Fallbeispiel: Der Fall des Herrn O.
Herr O., ein gepflegter, gut gekleideter 43-jähriger Mann von eher sportlicher Statur, kommt auf Anraten seiner Hausärztin in ihre ambulante Behandlung. Er berichtet auf Nachfrage, dass er schon seit Jahren immer wieder depressiven Symptomen leide. Gerade sei es wieder schlimmer- Er sei „dünnhäutig“, oft traurig, weine z-T- bei Kleinigkeiten, grübele viel (er bezeichnet sich selbst als „Overthinker“) und neige zum Katastrophisieren. Er sei häufig niedergeschlagen mit Stimmungstiefs und empfinde selten oder nur kurzfristig „echte“ Freude, auch wenn ihm bestimmte Aktivitäten „eigentlich doch Spaß machen“ oder ihn „eigentlich entspannen“ sollten- Aufgrund des ausgeprägten Interessenverlustes ziehe er sich in den letzten Monaten wieder vermehrt in seine Wohnung zurück. Auch von seinem Freundes- und Bekanntenkreis habe er sich distanziert, um diese nicht durch seine Stimmung „runterzuziehen“- Mit im Vordergrund stünden starke selbstabwertende Gedanken, insbesondere wenn er alleine in seiner Wohnung sei- Oft fühle er sich im Vergleich zu „sportlicheren Freunden“ oder „schlaueren Kollegen“ minderwertig- Er habe Schuldgefühle gegenüber sich selbst, auch weil er nun wieder auf Ärzte und Psychologen angewiesen sei („Ich bin der Loser“, „Jetzt heulst du wieder rum“, „Stell dich nicht so an“) und leide unter ständigen Selbstzweifeln. Vor ca. einem halben Jahr habe er einen Zusammenbruch bei der Arbeit erlebt. Kurz davor habe ein Kollege gekündigt und er habe einige Aufgaben mit übernehmen müssen, da es bislang keinen Ersatz gebe. Etwa zur gleichen Zeit sei seine Mutter wegen einer Blinddarmentzündung operiert worden. Er mache sich schon immer enormen Druck durch seinen Perfektionismus und eine hohe Anspruchsund Erwartungshaltung an sich selbst. Er erledige am liebsten alles gleichzeitig, werde v.a. in Stresssituationen innerlich unruhig und nervös und leide unter Kon- zentrations- und Schlafstörungen- Das nächtliche „Gedankenkarussell“ halte ihn wach. Er leide fast täglich unter Kopfschmerzen und schmerzhaften Verspannungen. Er achte nicht auf seine Grenzen, gönne sich keine Ruhe und dürfe nicht krank sein.

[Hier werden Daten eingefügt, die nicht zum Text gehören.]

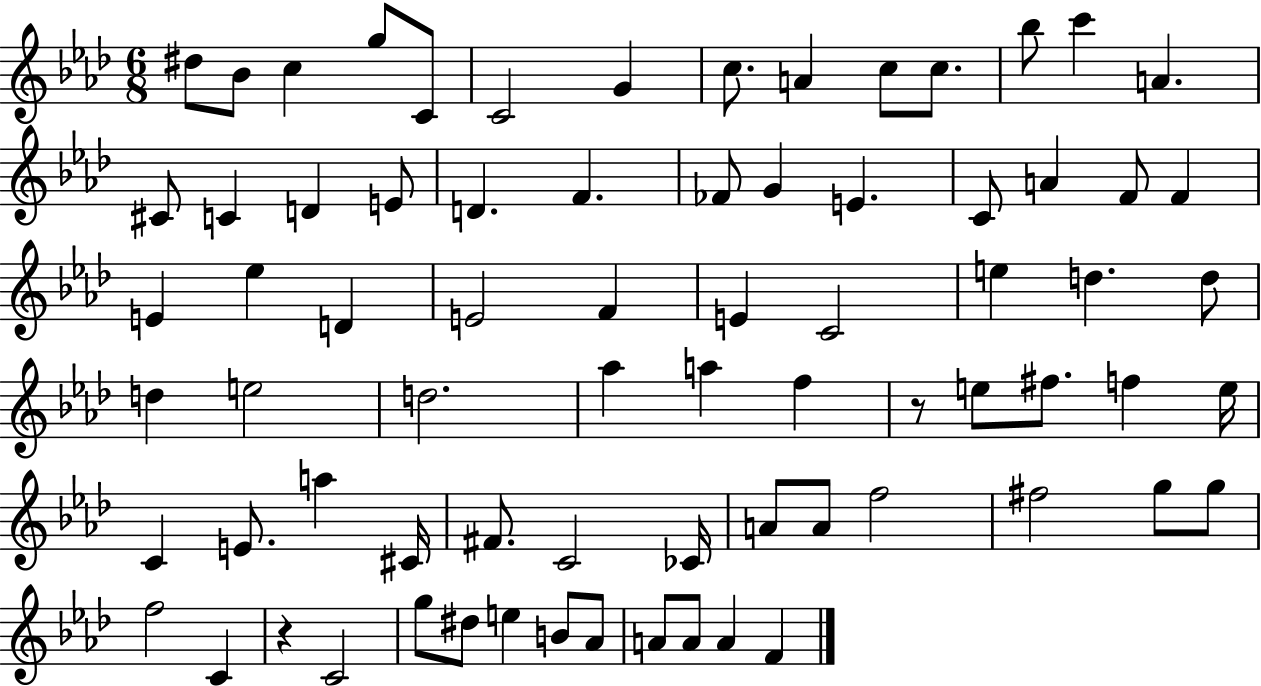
X:1
T:Untitled
M:6/8
L:1/4
K:Ab
^d/2 _B/2 c g/2 C/2 C2 G c/2 A c/2 c/2 _b/2 c' A ^C/2 C D E/2 D F _F/2 G E C/2 A F/2 F E _e D E2 F E C2 e d d/2 d e2 d2 _a a f z/2 e/2 ^f/2 f e/4 C E/2 a ^C/4 ^F/2 C2 _C/4 A/2 A/2 f2 ^f2 g/2 g/2 f2 C z C2 g/2 ^d/2 e B/2 _A/2 A/2 A/2 A F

In seiner Freizeit zwinge er sich häufig dazu, Sport zu machen. Immer öfter liege er jedoch nur noch lustlos und antriebslos auf der Couch und grübele darüber nach, was in seinem Leben falsch laufe.
Die erste depressive Phase mit Schlafstörungen, innerer Unruhe, Dünnhäutigkeit (er habe oft heimlich geweint), Grübeln und Selbstwertproblemen habe Herr O. bereits mit Anfang 20 erlebt. Damals sei eine Liebesbeziehung gescheitert, er habe sich mit seinen Eltern gestritten, sei von zu Hause aus und in eine neue Stadt und weg von seinem Freundeskreis gezogen und unzufrieden mit seiner Berufswahl gewesen. In dieser Zeit habe er sich bereits erstmals in therapeutische Behandlung begeben; seither sei er „immer mal wieder in Therapie“ gewesen. Nach Schwankungen im weiteren Verlauf sei es vor 10 Jahren dann erneut zu einer deutlichen Verschlechterung gekommen. Er habe immer mehr unter beruflichem Stress und auch körperlichen Symptomen wie Kopfschmerzen etc. gelitten. Er sei damals über 2 Jahre lang in ambulanter psychotherapeutischer Behandlung gewesen. Bis 2015 habe er auch Medikamente genommen; aktuell jedoch nicht mehr. 2017 habe es nach einer „Eskalation“ am Arbeitsplatz einen ersten Zusammenbruch gegeben; damals habe er sich jedoch lieber selbst „herauskämpfen“ wollen. Nun habe er sich aber doch entschieden, die Erkenntnisse aus der letzten Therapie aufzufrischen und damit für die Zukunft Vorsorgen. Ihm sei mittlerweile klar, dass nur er selbst etwas an seiner Situation ändern könne, fühle sich jedoch immer wieder blockiert, frustriert und sei enttäuscht von sich selbst. Oft sei er überzeugt, dass es eh nicht mehr besser werde. Auch wolle er anderen keinen Therapieplatz wegnehmen, die es nötiger hätten.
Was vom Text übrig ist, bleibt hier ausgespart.